In Part 4-A, the Court relies almost solely on Board of Education v. Barnette, 319 U.S. 624 (1943). The Court cites Barnette for the proposition that there is a constitutional right, in some cases, to "refrain from speaking." Ante at 714. What the Court does not demonstrate is that there is any "speech" or "speaking" in the context of this case. The Court also relies upon the "right to decline to foster [religious, political, and ideological] concepts," ibid., and treats the state law in this case as if it were forcing appellees to proselytize, or to advocate an ideological point of view. But this begs the question. The issue, unconfronted by the Court, is [p721] whether appellees, in displaying, as they are required to do, state license tags, the format of which is known to all as having been prescribed by the State, would be considered to be advocating political or ideological views.

The Court recognizes, as it must, that this case substantially differs from Barnette, in which school children were forced to recite the pledge of allegiance while giving the flag salute. Ante at 714-715. However, the Court states "the difference is essentially one of degree." Ante at 715. But having recognized the rather obvious differences between these two cases, the Court does not explain why the same result should obtain. The Court suggests that the test is whether the individual is forced "to be an instrument for fostering public adherence to an ideological point of view he finds unacceptable." Ibid. But, once again, these are merely conclusory words, barren of analysis. For example, were New Hampshire to erect a multitude of billboards, each proclaiming "Live Free or Die," and tax all citizens for the cost of erection and maintenance, clearly the message would be "fostered" by the individual citizen-taxpayers, and, just as clearly, those individuals would be "instruments" in that communication. Certainly, however, that case would not fall within the ambit of Barnette. In that case, as in this case, there is no affirmation of belief. For First Amendment principles to be implicated, the State must place the citizen in the position of either apparently or actually "asserting as true" the message.
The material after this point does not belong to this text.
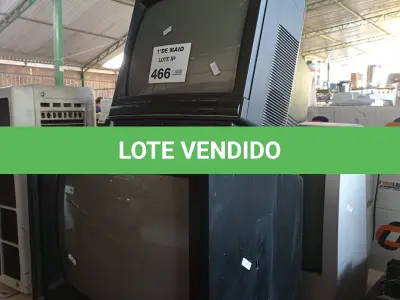 LOTE 466 - 03 TV’S DE TUBO MARCAS E MODELOS DIVERSOS. (NO ESTADO, LEILÃO NÃO TEM GARANTIA E NEM DEVOLUÇÃO, SUJEITO A POSSÍVEIS AVARIAS VISÍVEIS/OCULTAS E/OU AUSÊNCIA DE COMPONENTES).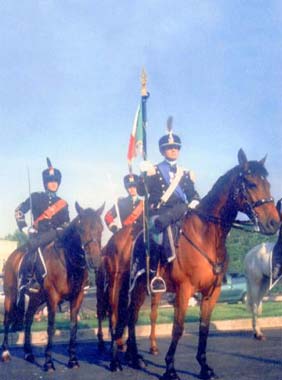 Stendardo dei "Lancieri di Montebello"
This was the focus of Barnette, and clearly distinguishes this case from that one.

In holding that the New Hampshire statute does not run afoul of our holding in Barnette, the New Hampshire Supreme Court, in Hoskin, supra at 336, 295 A.2d at 457, aptly articulated why there is no required affirmation of belief in this case:

The defendants' membership in a class of persons required to display plates bearing the State motto carries [p722] no implication, and is subject to no requirement, that they endorse that motto or profess to adopt it as matter of belief.

As found by the New Hampshire Supreme Court in Hoskin, there is nothing in state law which precludes appellees from displaying their disagreement with the state motto as long as the methods used do not obscure the license plates. Thus appellees could place on their bumper a conspicuous bumper sticker explaining in no uncertain terms that they do not profess the motto "Live Free or Die," and that they violently disagree with the connotations of that motto. Since any implication that they affirm the motto can be so easily displaced, I cannot agree that the state statutory system for motor vehicle identification and tourist promotion may be invalidated under the fiction that appellees are unconstitutionally forced to affirm, or profess belief in, the state motto.

The logic of the Court's opinion leads to startling, and, I believe, totally unacceptable, results. For example, the mottoes "In God We Trust" and "E Pluribus Unum" appear on the coin and currency of the United States. I cannot imagine that the statutes, see 18 U.S.C. §§ 331 and 333, proscribing defacement of United States currency impinge upon the First Amendment rights of an atheist. The fact that an atheist carries and uses United States currency does not, in any meaningful sense, convey any affirmation of belief on his part in the motto "In God We Trust." Similarly, there is no affirmation of belief involved in the display of state license tags upon the private automobiles involved here.

I would reverse the judgment of the District Court.

* See ante at 707 n. 1 for de minimis exceptions.